Methodological Strengths

  • Multi-omics integration (renal proteomics and metabolomics) with time-resolved validation in vivo
  • Translational validation in a human clinical cohort with a parsimonious logistic model

Limitations

  • Clinical validation cohort was small (n=56) and from a single setting
  • External validation and assessment against standard biomarkers (e.g., NGAL, KIM-1) were not reported

Future Directions: Prospective multicenter validation, head-to-head comparison with established AKI biomarkers, and clinical utility assessments for early intervention.

3. Performance Evaluation of Prehospital Sepsis Prediction Models.

68.5Level IIICase-controlCritical care medicine · 2025PMID: 39937065

In a nested case-control study across four EDs, only PRESEP outperformed unaided EMS infection assessment and qSOFA for predicting which ambulance-transported adults would meet ED Sepsis-3 criteria, with AUPRC 0.33 versus 0.17 for unaided EMS. PRESEP’s sensitivity was 60% with a positive predictive value of 20%.

Impact: This study provides the first broad, head-to-head prehospital comparison showing that most models underperform, highlighting PRESEP as a pragmatic choice and underscoring the need for better EMS-targeted tools.

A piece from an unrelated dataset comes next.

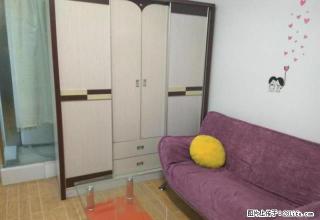 牛儿桥附近+中装一室+可月付+交通便利+拎包入住 - 乐山28生活网 ls.28life.com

Clinical Implications: EMS systems may consider implementing PRESEP while developing or validating improved models, with attention to modest PPV and operational integration.

Key Findings

  • Among 21 prehospital sepsis models, only PRESEP outperformed unaided EMS assessment (AUPRC 0.33 vs 0.17; p < 0.001).
  • PRESEP also outperformed qSOFA (AUPRC 0.13; p < 0.001).
  • PRESEP showed 60% sensitivity and 20% positive predictive value among dichotomous predictors.

Methodological Strengths

  • Nested case-control design with rigorous model discrimination using AUPRC appropriate for imbalanced outcomes
  • Direct head-to-head evaluation of 21 models against real-world EMS assessment

Limitations

  • Single-state (Utah) data may limit generalizability to other EMS systems
  • Retrospective use of prospectively collected records; not an interventional deployment study

Future Directions: Prospective EMS implementation trials of PRESEP, model recalibration/augmentation with vital signs and biomarkers, and external validation across diverse EMS systems.